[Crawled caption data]

====

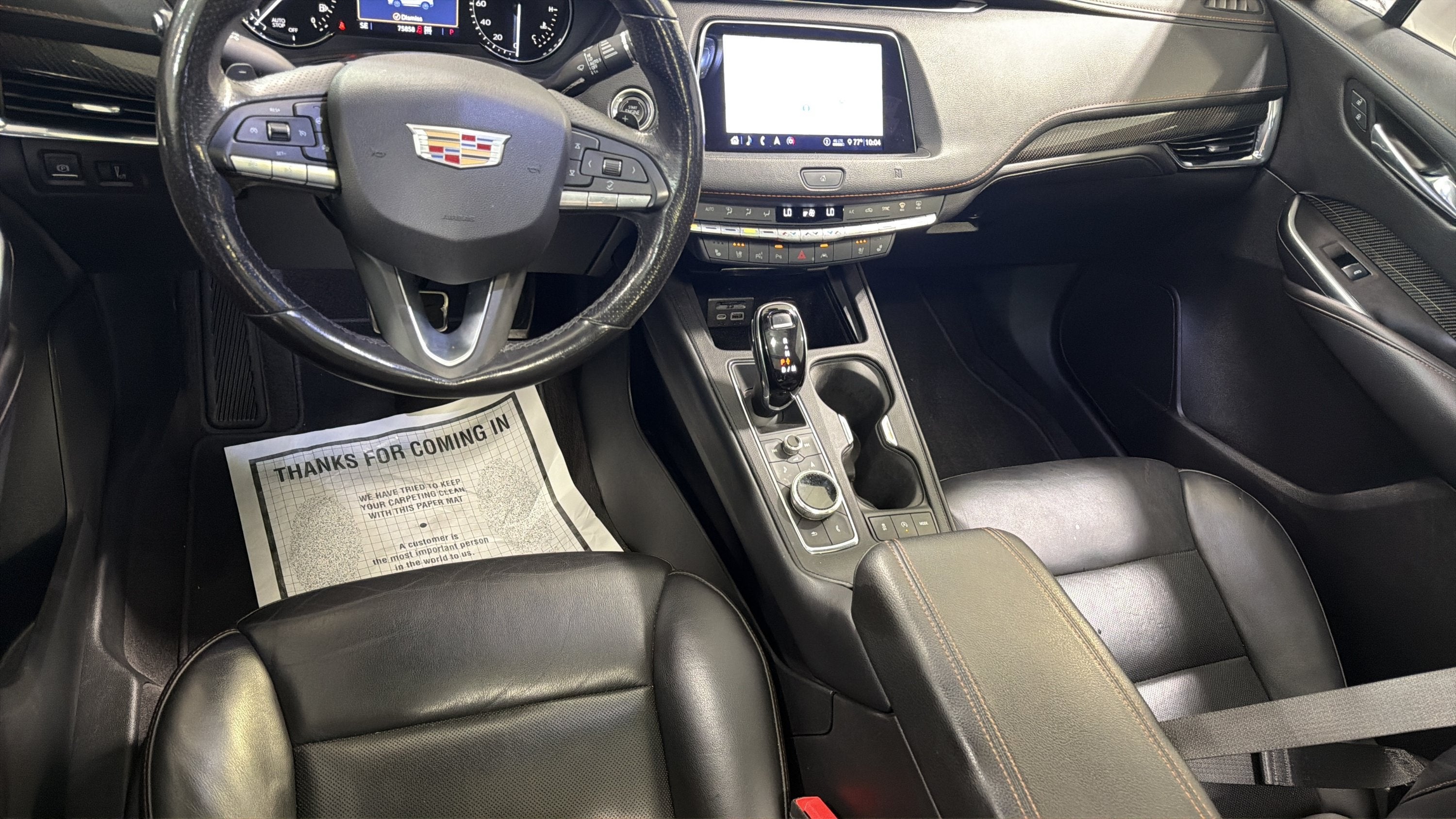 2020 Cadillac XT4 AWD Sport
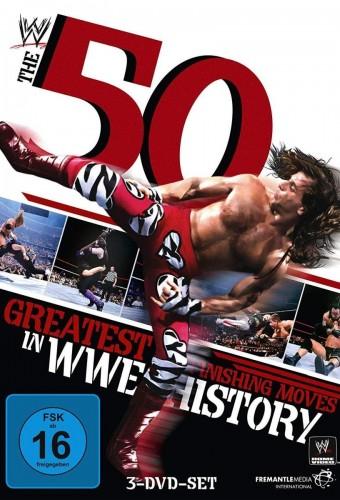 WWE: 50 Greatest Finishing Moves in WWE History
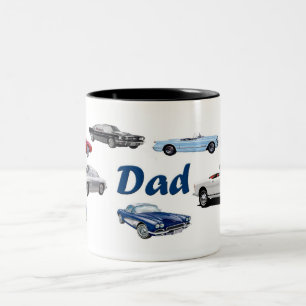 Dad Car Mug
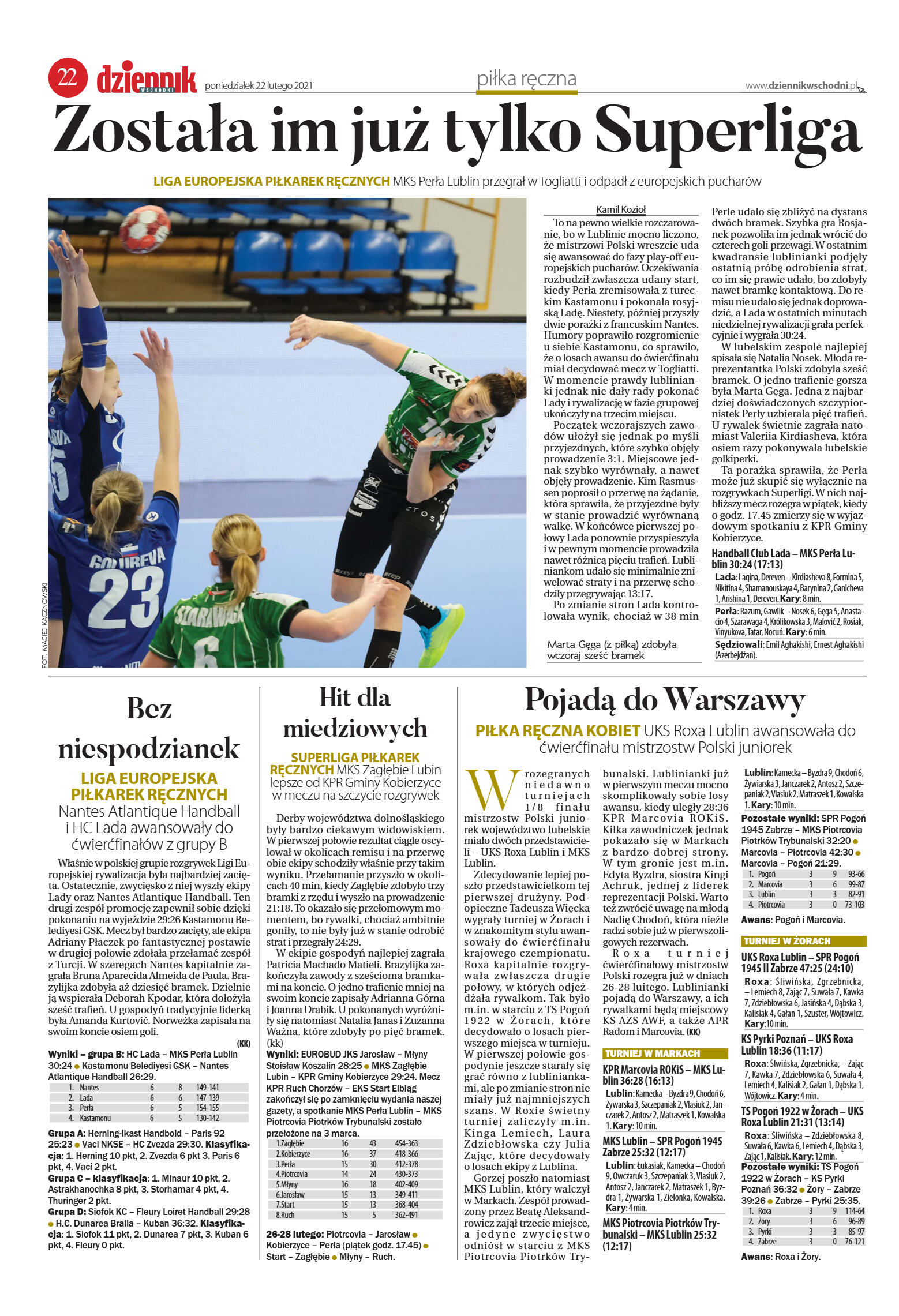 Wydanie główne - strona 22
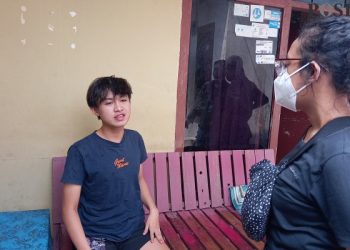 Mau Nagih Hutang, Remaja di Kembangan Malah Disabet Celurit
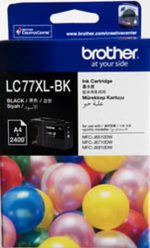 LC77XLBK_default.jpg. High Yield Black Cartridge for MFCJ6510DW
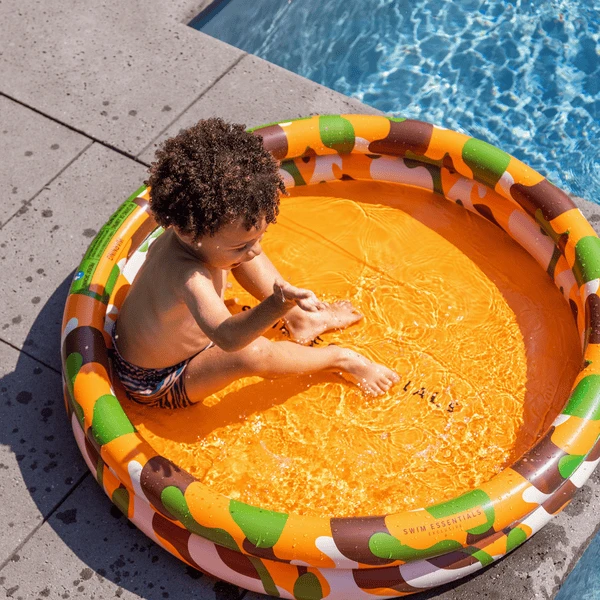 SWIM ESSENTIALS Swim Essential S Print Ed Child Ren's Pool Camouflage - Afbeelding 3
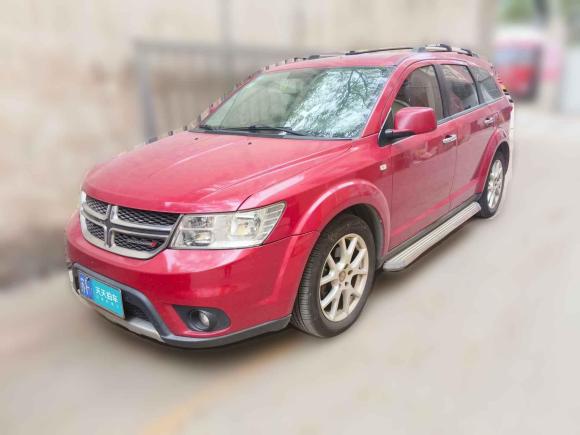 [苏州·苏F] 二手道奇酷威2013款 2.4L 两驱尊尚版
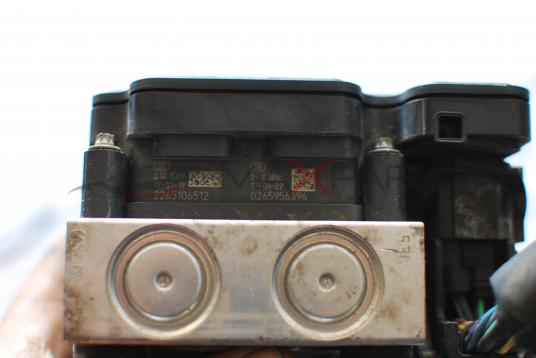 ABS модул за Ford Transit GK31-2C405-AG 2265106512 0265956396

====

## YOUR ASSIGNMENT
Print again, word for word, every line from the line with "Mau Nagih Hutang, Remaja" to the final line of the records, inclusive; skip the pictures.

## EXERCISE SOLUTION
 Mau Nagih Hutang, Remaja di Kembangan Malah Disabet Celurit
 LC77XLBK_default.jpg. High Yield Black Cartridge for MFCJ6510DW
 SWIM ESSENTIALS Swim Essential S Print Ed Child Ren's Pool Camouflage - Afbeelding 3
 [苏州·苏F] 二手道奇酷威2013款 2.4L 两驱尊尚版
 ABS модул за Ford Transit GK31-2C405-AG 2265106512 0265956396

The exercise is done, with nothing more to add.